Thursday, November 29, 2007

ACLU on The REAL ID Act - 7pm December 11, Rochester, NY


New York Civil Liberties Union [ACLU] will conduct an
educational forum on the REAL ID Act on Tuesday December 11, 7-8:30 pm at
the First Unitarian Church, 220 South Winton Road, Rochester.

The REAL ID Act has some serious ramifications for constitutional and
privacy issues.

We're finding that many people, even activists, don't have a good handle on
what it is and what it means.

The NYCLU is flying in a field organizer who is well versed in the subject
to help bring us all up to speed.

Watch the video on Real ID.


NYCLU: It’s Time to Reject Real ID Once-and-for-All
November 14, 2007

In response to Gov. Eliot Spitzer’s announcement that he will put on hold his plan to adopt Real ID, the following can be attributed to Donna Lieberman, executive director of the New York Civil Liberties Union:

While it is encouraging that Governor Spitzer is holding off, for now, on implementing the Real ID Act in New York, the governor needs to put an end once-and-for-all to his cheerleading of President Bush’s national ID card. The Real ID Act is rotten to its core: It will create a national database on hundreds of millions of Americans, and can be used to track lawful New Yorkers’ everyday activities.

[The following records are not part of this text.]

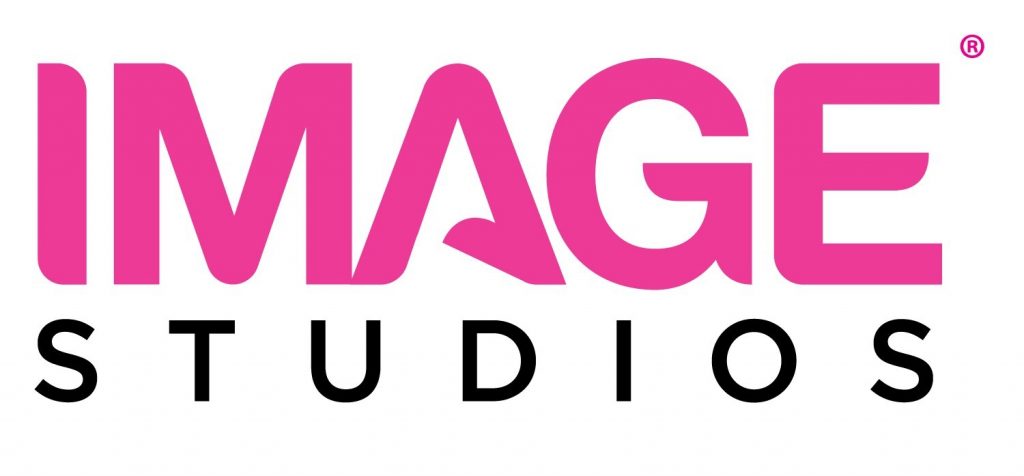 IMAGE Studios Logo IMAGE Studios Logo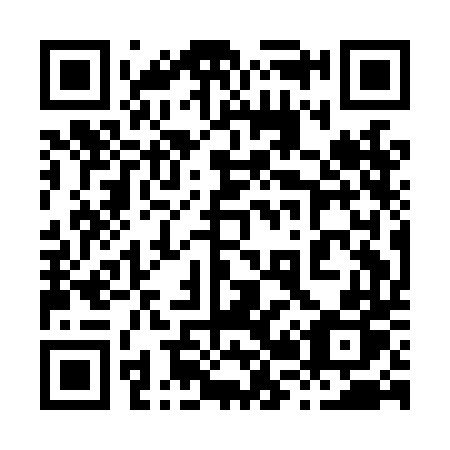 QR code for 821 LDP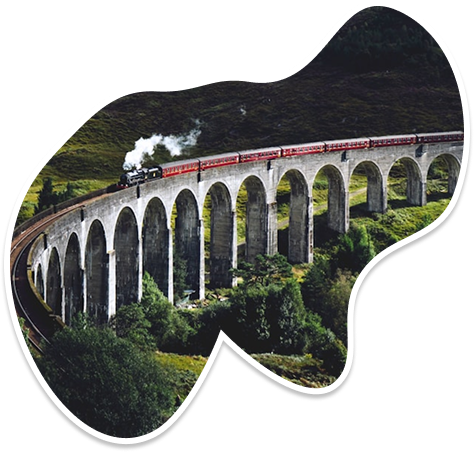 Travel slide 2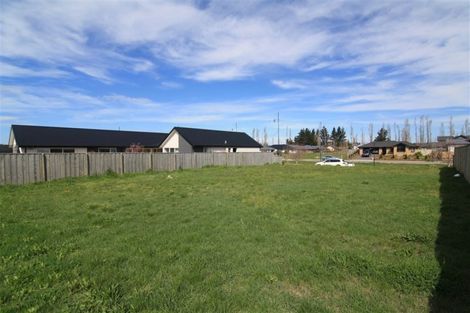 Photo of property in 40 Tutaipatu Avenue, Pegasus, 7612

What starts as a swipe of the card to board an airplane or enter a federal building, which the Real ID Act already demands, could easily expand into requirements to scan the card to pick up your child from school or to attend a baseball game. With each swipe of the card, a digital fingerprint will be left behind, though how it will be used is far from clear. Coming from the administration that brought us the Patriot Act and warrantless wiretapping, the possibilities are endless, as is the potential for abuse.

New York does not have to submit to President Bush’s Real ID Act. In fact, the Real ID Act contains so many threats to our privacy, security and pocketbooks that 17 states* have already passed legislation critical of it. Governor Spitzer must join with bipartisan movement of Democratic and Republican governors across the country that has rejected the Real ID Act as a threat to American values.”

* Seven states passed binding legislation to stop Real ID (Georgia, Maine, New Hampshire, Montana, Oklahoma, South Carolina and Washington), and 10 additional states registering their dissent (Nevada, Idaho, Colorado, North Dakota, Nebraska, Arkansas, Illinois, Tennessee, Hawaii and Missouri).